Boy, a lot of good answers here.
At various times, my answer would be Castles & Crusades, Beyond the Wall (and related games Grizzled Heroes and Through Sunken Lands), Shadowdark and Pirate Borg.
C&C, although hampered by a weird resolution system that's actually worse than the default d20 resolution system popularized by 3E, works seamlessly with all TSR D&D materials and even 3E D&D stuff, meaning that it's a great replacement system to use if you want something that feels more like TSR D&D, but without some of the clunkier outliers. It's also got a wonderful class-and-a-half multiclassing system that I would love to see other RPGs adopt. That said, it's SIEGE resolution system is awful -- we ran C&C online for years and we had to regularly re-explain the system, which is a real issue. And C&C books have the worst editing you can imagine (at one point, they had identically named, but different, monsters in two different bestiaries, along with numerous typos and factual errors). The Troll Lords seem like nice guys, and it's very cool that they're working on building an RPG printing press in the US to help out the rest of the industry, but the sloppiness of their books, along with the damned SIEGE engine, eventually exhausted me and I threw in the towel on them.

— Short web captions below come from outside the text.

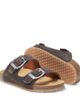 PePe PèPè TwoConMe suede sandals - 6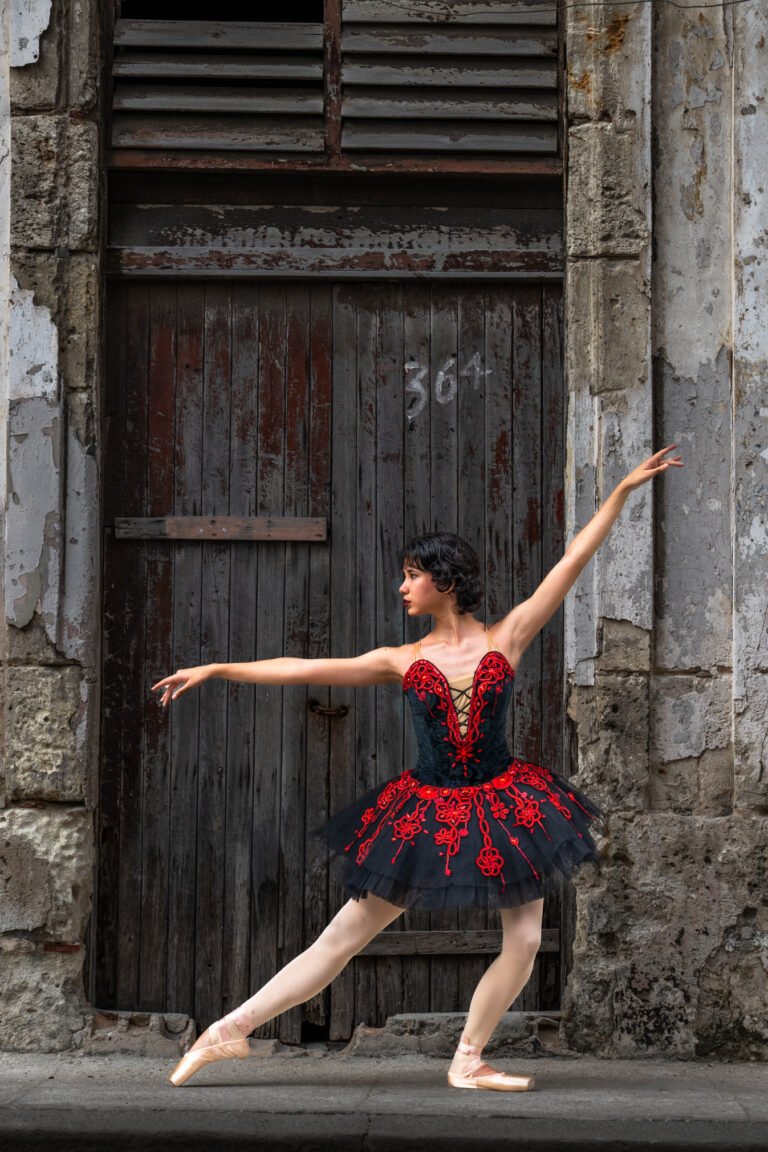 Cuba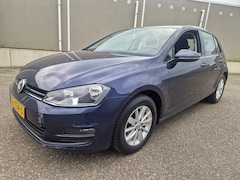 Volkswagen Golf - 1.2 TSI Trend Edition
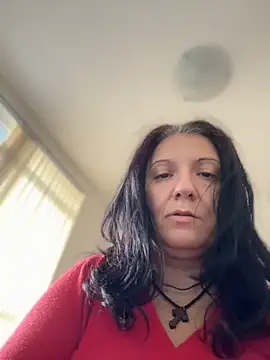 XXX chat uživo modela kotkite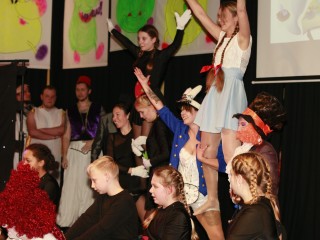 Fasching des K-C-EI 2020 - 01.02.2020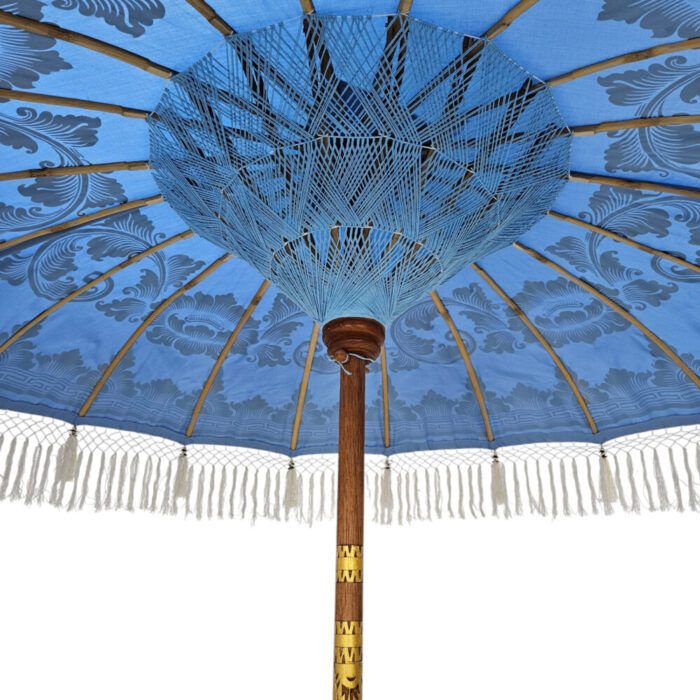 Bonita-Light-Blue-And-Gold-Umbrella-Garden-Closee-Up.jpg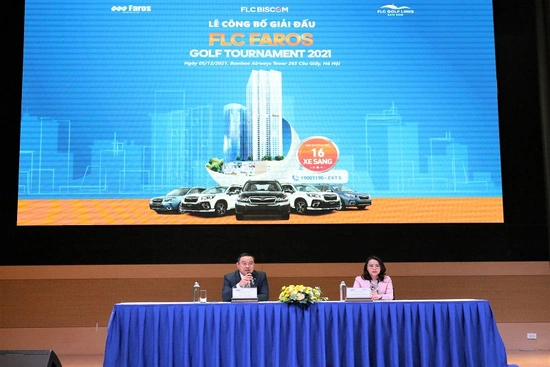 Cơ hội sở hữu giải thưởng HIO tiền tỷ tại sân golf nhiều HIO nhất Việt Nam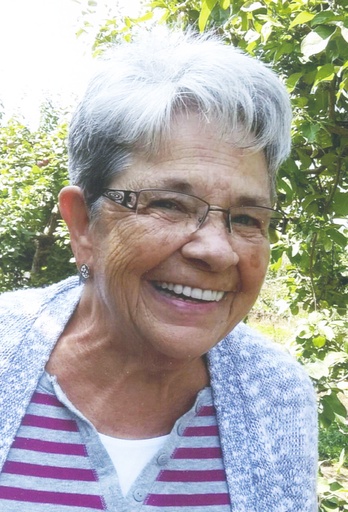 Lise Poulin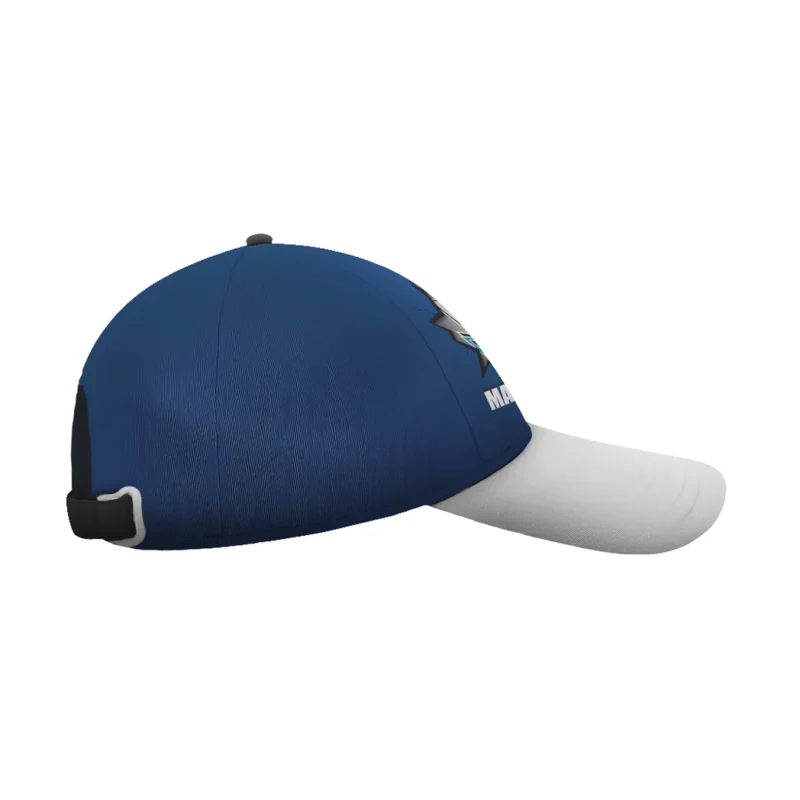Basketball Team Classic Cap NBA 2025 For Fan Basketball Team HVN1061DM061125CAP - Image 5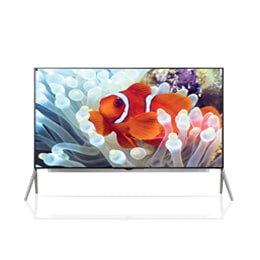 تلفاز إل جي فائق الوضوح عالي التعريف 98" يو بي 980T2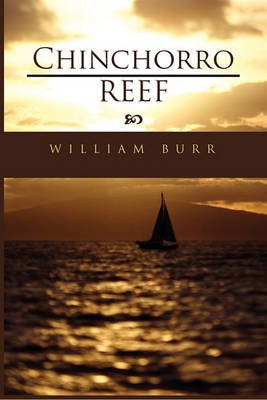 Book cover for Chinchorro Reef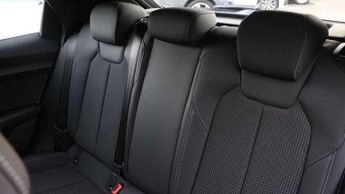 Audi A1 30 TFSI S Line 5dr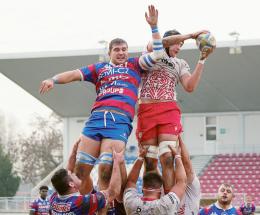 Rugby Rovigo: “Dobbiamo ritrovare la lucidità”
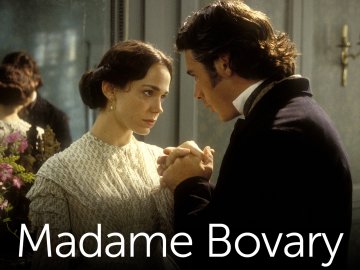 Madame Bovary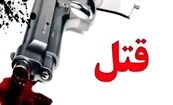 پایان فرار قاتل ۲۰ ساله با اعتراف به تیراندازی مرگبار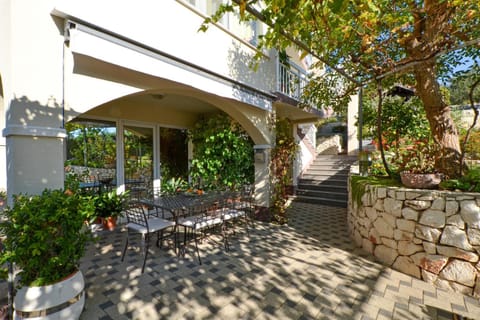 Patio, Facade/entrance, Garden, Other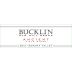 Bucklin Old Hill Ranch Ancient Field Blend 2012 Front Label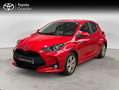 Toyota Yaris 120H 1.5 Active Plus Rojo - thumbnail 1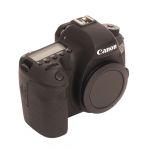Canon EOS 6D Gehäuse (1876 Auslösungen), 2. Akku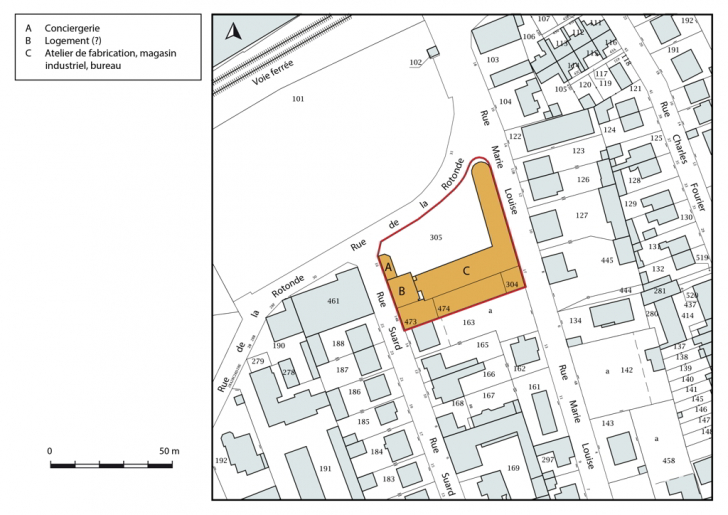 20192501103NUDA © Bertrand Turina / Région Bourgogne-Franche-Comté, Inventaire du patrimoine - 2019 20192501103NUDA © Bertrand Turina / Région Bourgogne-Franche-Comté, Inventaire du patrimoine - 2019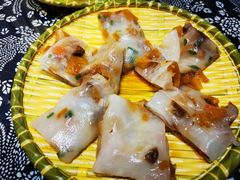 牛肉萝卜安上粉皮-安上粉皮.非遗手工小吃(骑龙巷店)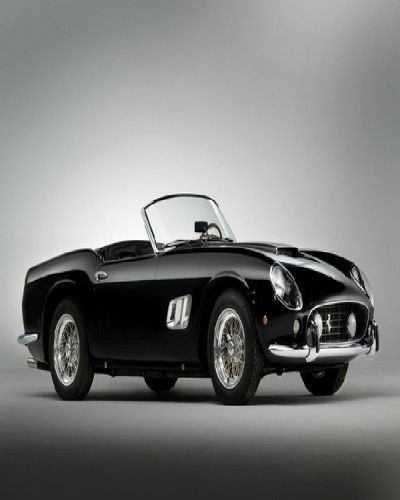 1961 Ferrari 250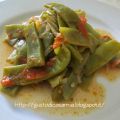 Taccole in umido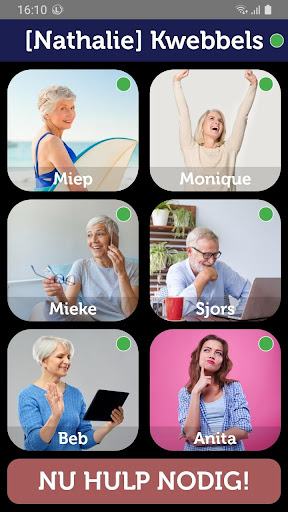 Android application Cinnovate Lines screenshort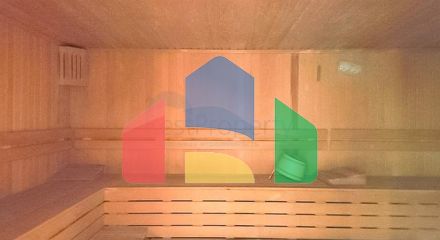 Просторная квартира 2+1 в 100м от моря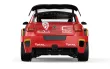 MJX Hyper Go RC-Car Citroen C3 WRC 4WD 1/10 ARTR Set ohne Akku oder Lader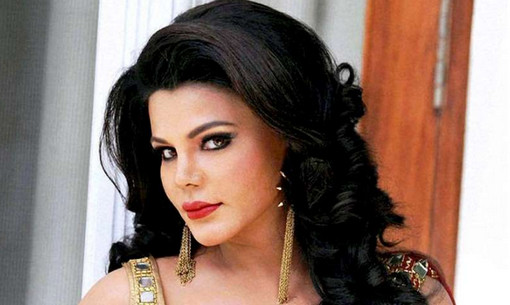 হানিপ্রীত কোথায় আছে জানেন রাখি সাওয়ান্ত!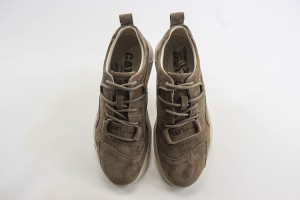 Cat leather shoes CLS100093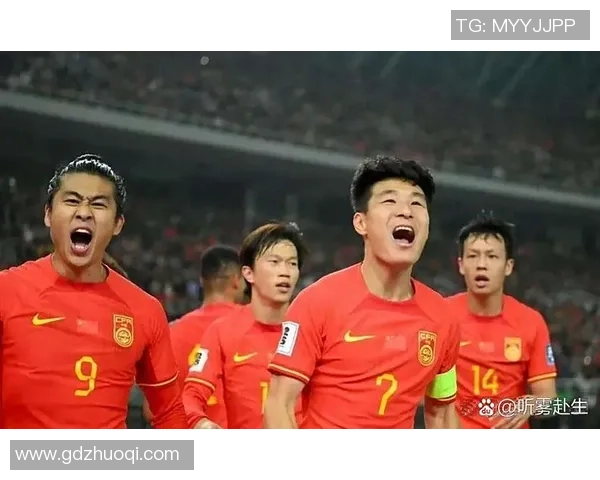 中国足球球星排名解析：从历史巨星到现役先锋的全面评比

Beyond the Wall takes an AD&D chassis, tweaks spellcasting rules a bit and then -- their real innovation -- create fiction-first playbooks to use to roll up characters. You're not a fighter/magic-user, you're a fey-touched child. You're not a wizard, you're the daughter of the village witch. Everyone rolls their characters up together, and the playbooks have you roll on tables that knit together everyone's backgrounds together (Powered By the Apocalypse style), creating a real cohesion for the group before play begins. The playbooks also guide the group through helping create their starting village and then the DM uses a similar mechanism to run adventures more or less on the fly, based on simple tables. And these adventures are among the best I've ever run, despite being incredibly simple to generate. I was skeptical about moving over to Shadowdark, because the adventure generators in Grizzled Adventurers (about elderly adventurers, instead of young heroes) is just so good. If the folks at Flatland Games ever wanted to make their adventure generators system-neutral, they'd have a huge hit. And every RPG would benefit from playbooks like their games use to create characters and the starting town. I am over most of the 1Eisms, which can't really be defended on any grounds other than nostalgia, but the new stuff Flatland brings to the proceeding are best in class.
And then there's Shadowdark, which is all of the grit and danger I like of TSR D&D and the OSR, with the modern innovations like advantage/disadvantage and innovations that I didn't think I needed them until I tried them in play. Always on initiative and real time torches tend to ruffle feathers when people hear about them, but they work amazingly in play, solving perennial problems (at least at my tables). The game runs fast and efficient, and is the OSR game that even my 5E players are excited to play.
I like the idea of Mork Borg, but it's simply too miserable, and the book is too difficult to use, for my tastes. But it's endlessly getting remixed, and Pirate Borg, which I describe as Pirates of the Caribbean meets the Evil Dead, uses the system to create one of the most purely fun RPG experiences I've ever had. I grin so hard during adventures, my face hurts at the end of the game. Couple that with some really great adventures (Buried in the Bahamas is, for my money, the best starter adventure I've ever run, and I've run it four or five times now) and I'm really excited for the expansions shipping later this year and, beyond that, the full Dark Caribbean setting.
We live in a time of riches for fantasy RPG players and groups.